Regolamentare le piattaforme che plasmano il discorso pubblico
Il dibattito va oltre il settore radiotelevisivo. Alla fine del 2025, il Consiglio federale ha avviato una consultazione pubblica sul progetto di legge per le piattaforme di comunicazione e i motori di ricerca (KomPG): si tratta della prima proposta completa da parte della Svizzera per regolamentare le piattaforme che ormai dominano il modo in cui le persone accedono alle informazioni (2). La legge si applicherebbe a qualsiasi piattaforma o motore di ricerca utilizzato mensilmente da almeno il 10% della popolazione svizzera, una soglia che i principali servizi come Facebook, Instagram, TikTok, X e Google superano tranquillamente. Queste piattaforme sarebbero tenute a offrire procedure di segnalazione trasparenti per i contenuti illegali, a spiegare le proprie decisioni in merito alla rimozione di post o al blocco di account e a divulgare il funzionamento dei motori di raccomandazione (recommender).

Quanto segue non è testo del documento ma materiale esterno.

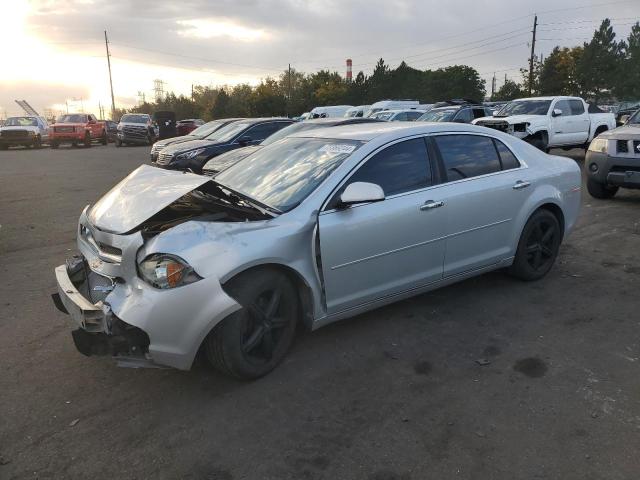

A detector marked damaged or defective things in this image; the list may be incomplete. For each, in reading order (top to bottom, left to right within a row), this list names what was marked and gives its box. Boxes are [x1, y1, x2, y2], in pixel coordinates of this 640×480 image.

La logica di base è semplice: queste piattaforme sono diventate infrastrutture essenziali per il dibattito pubblico, eppure operano secondo regole stabilite privatamente e sono spesso poco trasparenti. I contenuti possono essere rimossi o amplificati senza una chiara giustificazione, influenzando ciò che milioni di persone vedono e credono.